Yesterday I went to Torino to visit my old co-workers at the Tampep Association. As I was taking the train back to Alessandria through the dark, Italian countryside I couldn't help thinking to myself, yet again, how lucky I am.

My choices + coming to Italy various times for various periods over the last five years have given me so many things... friendships that will last a lifetime across continents, a wonderful boyfriend, great travel adventures, a gastronomic education, and an amazingly complex, challenging and dream (at the time) job.

It was so nice to walk into the office where I spent my time nearly everyday over the past three years. It was fun to talk about how in my absence, office politics have stayed more or less the same, about how everyone's lives are going, and about how the work is increasingly complicated...

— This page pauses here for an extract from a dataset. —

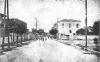 Η οδός Βόλου (23ης Οκτωβρίου) στο ύψος του ναού του Αγ. Κωνσταντίνου και του Ε’ Δημοτικού Σχολείου. Φωτογραφία  από το προεκλογικό φυλλάδιο των Δημοτικών εκλογών του Φεβρουαρίου 1934 του υποψήφιου δημάρχου Μιχαήλ Σάπκα.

Working for Tampep involved many difficult situations, we worked mostly with trafficked migrant women who have been forced into prostitution in Europe. The situations we encountered, plus all the other environmental and political disasters of the world kind of made me really doubt at times the goodness of humanity. But it's stories like my co-workers told me yesterday, for example, of the kind man who helped them pull the Association's little van out of a ditch one night when they were doing street outreach work, or the time when a few local fast food chain employees gave us free extra food at the end of the night to pass out the women we met on street, that make me believe again.

I really hope with the super job I find after the MBA that I can give back financially to Tampep, and to similar causes.